The road incident with the Renault truck driver opened an area of F1 which often gets overlooked but teams state that they pay as much attention on them too.

Between the F1 German GP and Hungarian GP, a Renault truck driver met with an accident on a highway in Hungary. The French manufacturer stated that the driver was back home without any major injuries.

With the growing F1 calendar, the toll one teams and its members is only increasing but they clarify that they are doing as much to not burden them with work, which may result in mishaps that can cost one’s life even.

Speaking about their efforts, Alfa Romeo Racing’s Beat Zehnder said: “As a team you are well prepared for back-to-backs and all the other European races you normally have external truck drivers, or truck drivers, team truck drivers who have rested on the Sunday and only drive when they’re supposed to.

“You don’t have team members like twenty years ago who worked the whole day and then in the evening jumped in the truck and then drove to the next event, so everything is safe and sound and accidents like this can happen. I think we’re moving more than 400 lorries from one event to the next and considering that, there are not a lot of accidents happening.”

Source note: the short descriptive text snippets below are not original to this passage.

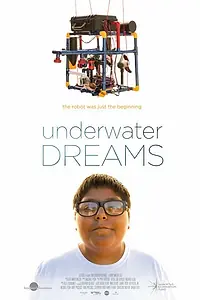 Постер к фильму «Underwater Dreams (2014)»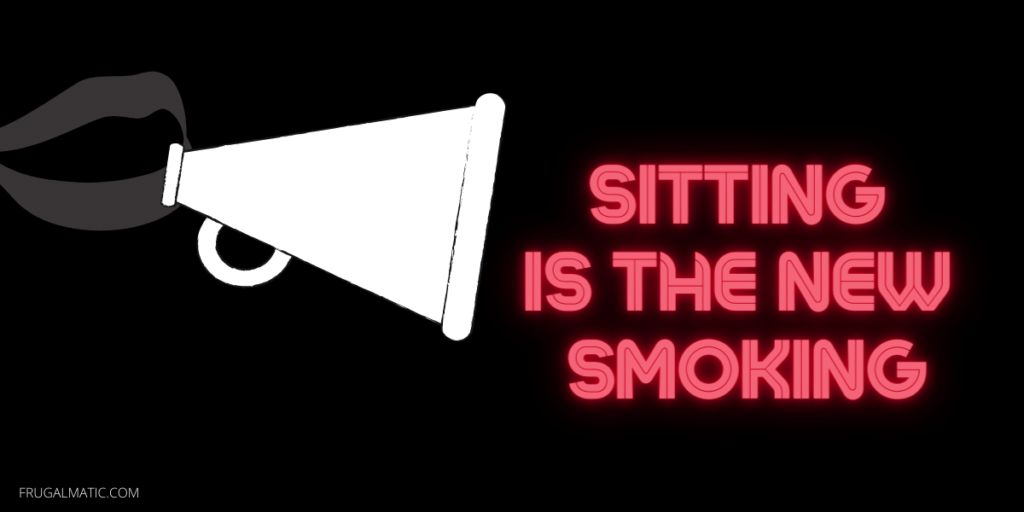 Sitting is the new smoking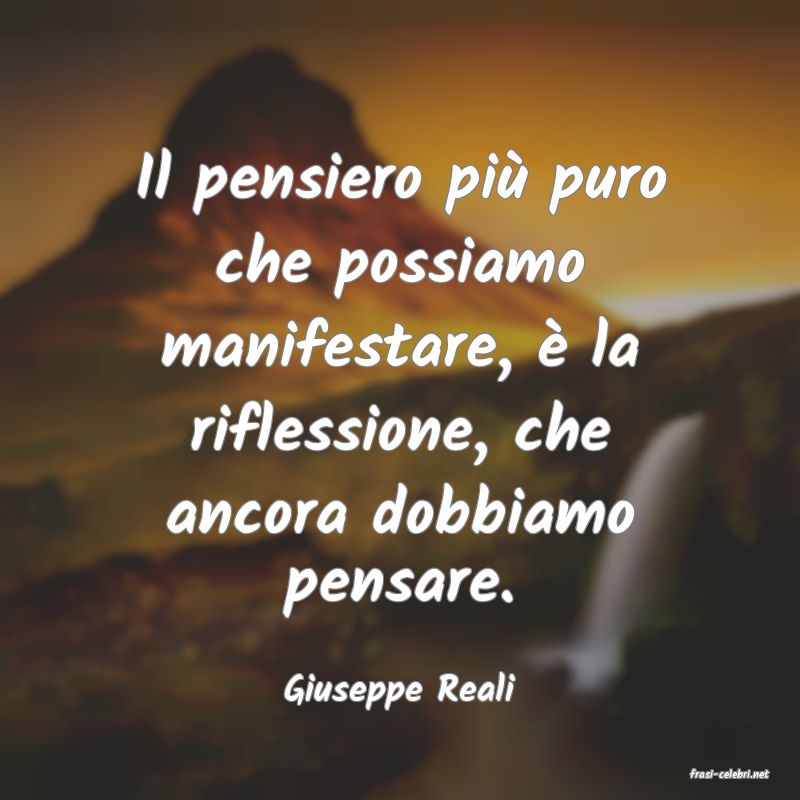 frasi di  Giuseppe Reali
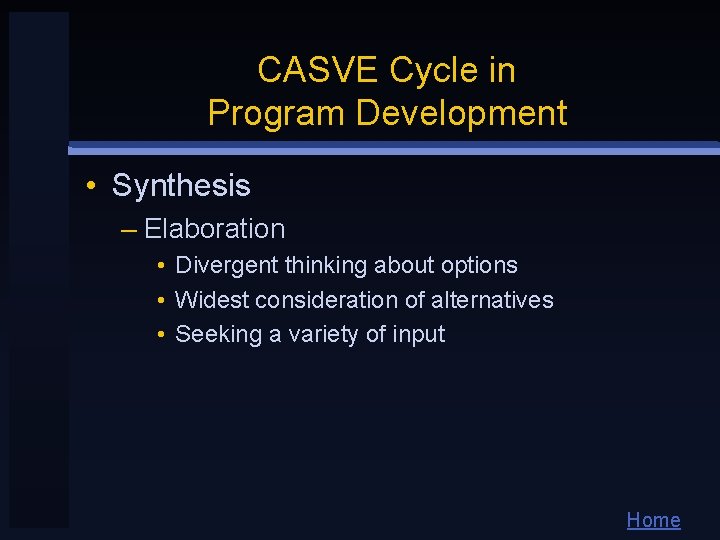 CASVE Cycle in Program Development • Synthesis – Elaboration • Divergent thinking about options CASVE Cycle in Program Development • Synthesis – Elaboration • Divergent thinking about options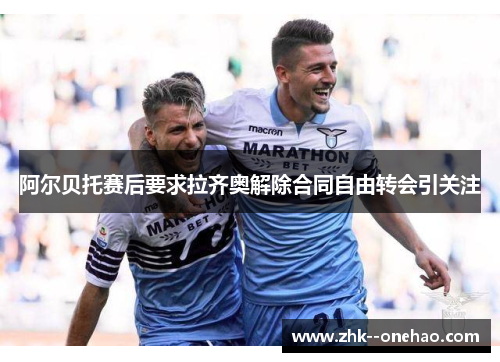 阿尔贝托赛后要求拉齐奥解除合同自由转会引关注 阿尔贝托赛后要求拉齐奥解除合同自由转会引关注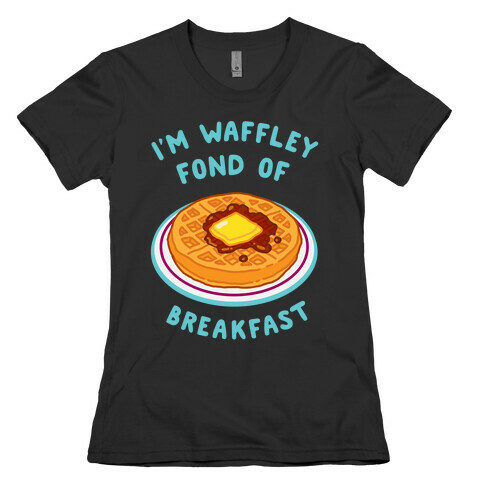 I'm Waffley Fond Of Breakfast Womens T-Shirt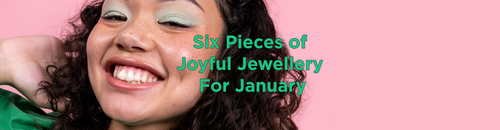 Six Pieces of Joyful Jewellery For January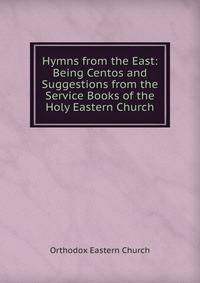 Hymns from the East: Being Centos and Suggestions from the Service Books of the Holy Eastern Church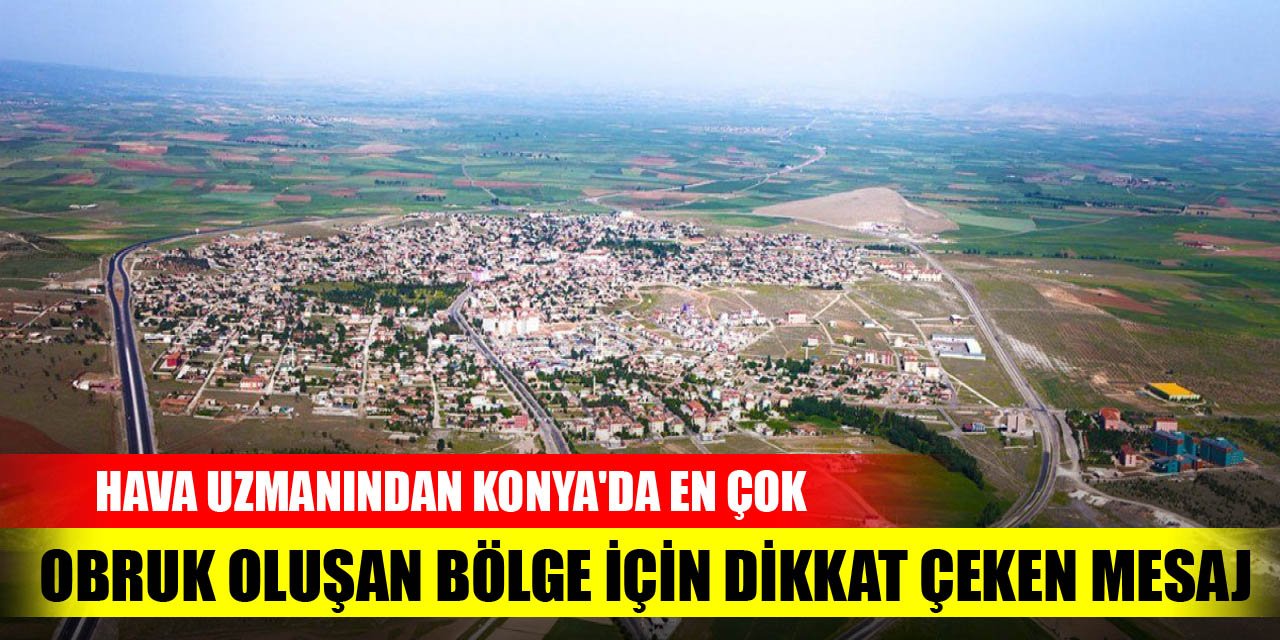 Hava uzmanından Konya'da en çok obruk oluşan bölge için dikkat çeken mesaj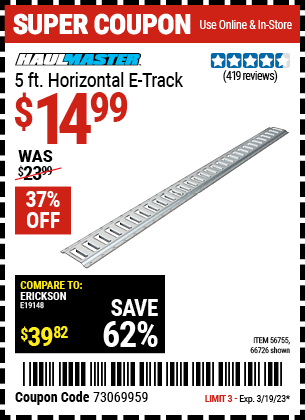 Buy the HAUL-MASTER 5 ft. Horizontal E-Track (Item 66726/56755) for $14.99, valid through 3/19/2023.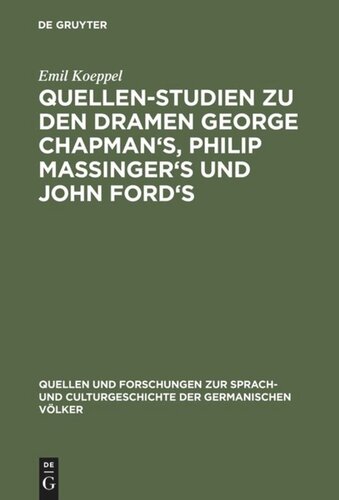 Quellen-Studien zu den Dramen George Chapman's, Philip Massinger's und John Ford's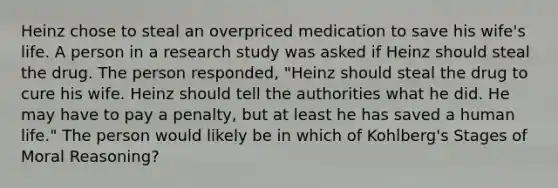 Heinz chose to steal an overpriced medication to save his wife's life. A person in a research study was asked if Heinz should steal the drug. The person responded, "Heinz should steal the drug to cure his wife. Heinz should tell the authorities what he did. He may have to pay a penalty, but at least he has saved a human life." The person would likely be in which of Kohlberg's Stages of Moral Reasoning?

Williams’ Claire Williams agreed with her counterpart, adding that the teams comply with the regulation of driving hours for each member, but admits such incidents do not bode well for them.

She found support from McLaren’s Andreas Seidl, with Ferrari’s Mattia Binotto stating: “The picture is very similar for all the teams. The drivers are not people that are working throughout the weekend, especially not at a back-to-back.

“Certainly we as team principals of teams are taking care of our people, making sure that what they are doing at the tracks or driving, we are always doing that in a safe manner with the proper way of applying things, let me say.

“But what happened is to be considered serious, no doubt, and whatever is happening, as a team, we have the responsibility to review what happened and there is a necessity to try eventually to improve. I don’t have the details in that case but as Ferrari we would certainly consider if we can even do better in the future.”

On Red Bull Racing’s side, Christian Horner added: “It’s a big challenge getting all the equipment, the cars, the engineering centre, in our case the Energy Station – I think we’re in excess of 40 trucks to get to an event and when you’ve got a back-to-back event, that’s an added pressure, that they’ve got to be here really by Tuesday afternoon.

“So, it’s another thing to take into consideration, with the logistics of an increased calendar is not putting too much tension on the movement of parts and people from one venue to another. Unfortunately accidents do happen and I think the most important things are you try and mitigate that as best you can.

“With contract drivers it’s not like the old days when the truckies – well, the truckies don’t drive trucks any more. I don’t know why they’re still called truckies. In fact I think we’ve only got one truck driver who can drive a truck. Everybody has contractors that specifically are here just to move the vehicles around.”